[Data records — start]

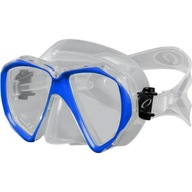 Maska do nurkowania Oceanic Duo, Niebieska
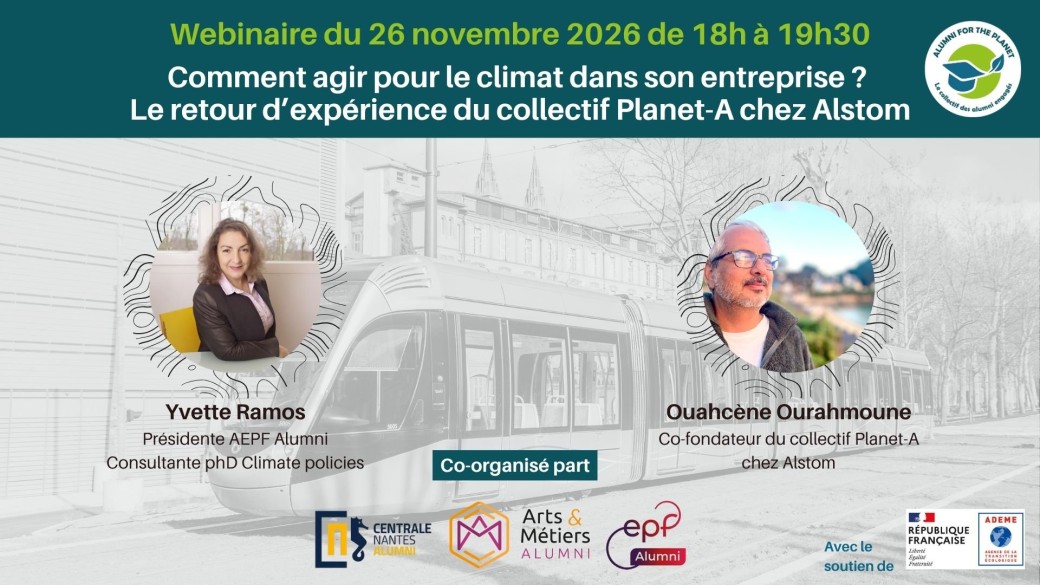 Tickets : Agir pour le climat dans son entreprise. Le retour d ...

[Data records — finish]
[Data records — start]

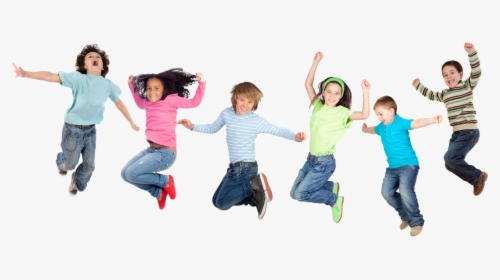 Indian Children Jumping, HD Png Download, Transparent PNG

[Data records — finish]

Your answer must be everything above from the line with "Maska do nurkowania Oceanic Duo, Niebieska" down to the line with "Tickets : Agir", word for word, and no pictures.

◆ **Written solution**
 Maska do nurkowania Oceanic Duo, Niebieska
 Tickets : Agir pour le climat dans son entreprise. Le retour d ...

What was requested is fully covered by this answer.